MASQUERADE(マスカレード)

 こんな孤独なゲームをしている私たちは本当に幸せなの?

『ワイルド・スピード/スーパーコンボ』

2019-09-03 01:56:36 | goo映画レビュー

原題:『Fast & Furious Presents: Hobbs & Shaw』
監督:デヴィッド・リーチ
脚本:クリス・モーガン
撮影:ジョナサン・セラ
出演:ドウェイン・ジョンソン/ジェイソン・ステイサム/イドリス・エルバ/ヴァネッサ・カービー
2019年/アメリカ

アクション映画における「固有名詞」の重要性について

 クライマックスの車と戦闘ヘリの派手な攻防に見応えがあることは間違いないとしても、意外と主人公のルーク・ホブスとデッカード・ショウが言い争うシーンが多く、その会話を面白いと思えるかどうかが本作の評価を左右するように思う。ここでは「固有名詞」をキーワードに語ってみたい。
 デッカード・ショウと妹のハッティ・ショウが子供の頃にしていた遊びとして「キース・ムーン(Keith Moon)」とか「ミック・ジャガー(Mick Jagger)」というコードネームをつけた作戦をたてていた。「キース・ムーン」はイギリスのロックバンド「ザ・フー(The Who)」のドラマーで、演奏終了後によくドラムを壊していたことから、金銭を奪うためなら何でも壊す作戦名になっており、「ミック・ジャガー」とは他のことをして相手の目を奪っている間に本来の目的を達する作戦なのだが、これは明らかに演奏技術や楽曲のクオリティーの低さから特異の「パフォーマンス」により観客の目を逸らすミック・ジャガーに対する陰口であろう。
 エンドクレジットに挟まったシーンで、唐突にホブスが電話相手のショウをイギリスの警察に逮捕させる場面がある。イギリスの警官はショウを「ヒュー・ヤヌス(Hugh Janus)」と呼ぶのであるが、これは「大きな尻の穴(Huge Anus)」という意味になる。
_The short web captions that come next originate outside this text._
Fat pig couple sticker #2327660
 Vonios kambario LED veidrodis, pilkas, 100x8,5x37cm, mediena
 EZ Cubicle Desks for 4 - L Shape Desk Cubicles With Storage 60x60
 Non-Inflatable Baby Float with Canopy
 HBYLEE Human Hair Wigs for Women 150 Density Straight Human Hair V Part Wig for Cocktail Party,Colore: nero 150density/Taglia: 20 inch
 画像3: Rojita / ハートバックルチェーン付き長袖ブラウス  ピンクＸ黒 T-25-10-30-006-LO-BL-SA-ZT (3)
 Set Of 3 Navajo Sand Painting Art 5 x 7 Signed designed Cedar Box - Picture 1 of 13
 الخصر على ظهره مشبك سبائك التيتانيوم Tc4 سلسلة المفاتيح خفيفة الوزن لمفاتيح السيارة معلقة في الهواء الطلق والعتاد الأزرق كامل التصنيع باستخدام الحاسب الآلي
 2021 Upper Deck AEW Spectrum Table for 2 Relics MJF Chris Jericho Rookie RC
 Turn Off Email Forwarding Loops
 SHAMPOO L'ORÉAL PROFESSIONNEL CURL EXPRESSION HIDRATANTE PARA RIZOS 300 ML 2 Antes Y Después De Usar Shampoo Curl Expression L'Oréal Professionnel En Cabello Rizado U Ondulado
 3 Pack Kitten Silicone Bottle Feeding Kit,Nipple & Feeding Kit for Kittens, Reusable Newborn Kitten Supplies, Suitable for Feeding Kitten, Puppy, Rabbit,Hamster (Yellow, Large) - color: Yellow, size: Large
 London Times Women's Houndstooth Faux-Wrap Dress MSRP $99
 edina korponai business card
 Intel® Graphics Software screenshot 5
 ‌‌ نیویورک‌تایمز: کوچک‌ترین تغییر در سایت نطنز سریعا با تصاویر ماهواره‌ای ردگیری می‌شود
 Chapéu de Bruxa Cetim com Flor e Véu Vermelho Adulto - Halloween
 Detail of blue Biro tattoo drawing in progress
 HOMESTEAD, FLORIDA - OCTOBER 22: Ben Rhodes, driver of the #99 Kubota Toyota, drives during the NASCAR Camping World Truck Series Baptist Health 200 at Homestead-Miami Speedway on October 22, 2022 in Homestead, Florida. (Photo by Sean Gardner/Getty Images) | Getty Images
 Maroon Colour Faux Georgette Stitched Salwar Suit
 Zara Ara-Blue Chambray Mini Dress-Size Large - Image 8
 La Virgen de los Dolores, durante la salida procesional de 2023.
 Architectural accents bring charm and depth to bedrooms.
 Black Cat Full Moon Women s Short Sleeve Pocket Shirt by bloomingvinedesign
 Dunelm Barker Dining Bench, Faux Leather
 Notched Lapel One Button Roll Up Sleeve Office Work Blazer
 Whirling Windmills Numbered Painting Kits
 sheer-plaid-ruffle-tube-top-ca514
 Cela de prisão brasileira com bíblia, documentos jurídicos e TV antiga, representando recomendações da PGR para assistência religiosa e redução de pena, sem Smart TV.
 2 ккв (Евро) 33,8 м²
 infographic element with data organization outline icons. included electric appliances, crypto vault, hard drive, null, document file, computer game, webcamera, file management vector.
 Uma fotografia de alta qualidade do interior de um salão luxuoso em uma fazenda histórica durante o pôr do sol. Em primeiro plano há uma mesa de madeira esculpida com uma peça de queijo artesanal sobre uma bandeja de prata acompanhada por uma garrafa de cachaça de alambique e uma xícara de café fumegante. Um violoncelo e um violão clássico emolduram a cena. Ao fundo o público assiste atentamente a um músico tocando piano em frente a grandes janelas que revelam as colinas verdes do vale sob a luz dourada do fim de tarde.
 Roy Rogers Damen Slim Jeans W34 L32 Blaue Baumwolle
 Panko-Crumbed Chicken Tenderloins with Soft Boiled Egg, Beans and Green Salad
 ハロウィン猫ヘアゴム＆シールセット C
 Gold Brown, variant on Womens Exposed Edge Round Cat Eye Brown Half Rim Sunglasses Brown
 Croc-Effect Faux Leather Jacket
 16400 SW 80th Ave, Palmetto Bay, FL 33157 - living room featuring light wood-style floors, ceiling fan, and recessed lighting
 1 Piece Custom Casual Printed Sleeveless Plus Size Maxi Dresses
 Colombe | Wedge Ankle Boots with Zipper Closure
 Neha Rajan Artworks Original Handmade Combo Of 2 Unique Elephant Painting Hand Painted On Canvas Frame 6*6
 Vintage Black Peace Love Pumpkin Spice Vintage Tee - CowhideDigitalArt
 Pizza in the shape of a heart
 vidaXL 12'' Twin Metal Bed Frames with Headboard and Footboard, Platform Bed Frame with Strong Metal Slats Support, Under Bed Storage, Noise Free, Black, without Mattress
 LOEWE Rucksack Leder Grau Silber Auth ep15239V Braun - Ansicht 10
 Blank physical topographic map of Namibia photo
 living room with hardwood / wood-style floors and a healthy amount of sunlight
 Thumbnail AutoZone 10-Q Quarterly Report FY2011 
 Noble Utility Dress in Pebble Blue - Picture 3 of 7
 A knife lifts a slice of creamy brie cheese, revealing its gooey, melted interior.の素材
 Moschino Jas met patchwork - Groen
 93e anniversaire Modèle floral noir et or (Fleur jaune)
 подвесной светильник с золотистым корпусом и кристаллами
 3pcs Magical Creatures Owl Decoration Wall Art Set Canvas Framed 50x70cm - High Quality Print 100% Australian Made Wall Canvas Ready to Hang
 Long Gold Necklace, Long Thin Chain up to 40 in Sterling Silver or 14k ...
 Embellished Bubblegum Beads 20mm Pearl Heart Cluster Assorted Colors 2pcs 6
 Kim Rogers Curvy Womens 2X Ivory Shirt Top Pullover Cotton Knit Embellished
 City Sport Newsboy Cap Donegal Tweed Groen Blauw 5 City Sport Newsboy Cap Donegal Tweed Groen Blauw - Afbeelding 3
何故ホブスはショウにこのようなイタズラを仕掛けたのか勘案するならば、ショウがホブスのためにパスポートを取った際に、ホブスの仮名を「マイク・オックスモール(Mike Oxmaul)」としており、これは「俺の小さいペニス(My Cock Small)」としたことに対してやり返したのである。
 ホブスは意外とインテリでニーチェ(Friedrich Nietzsche)やブルース・リー(Bruce Lee)の格言をハッティに披露したりしており、これらの固有名詞を理解できるかどうかが本作を楽しめるかどうかにかかっているように思う。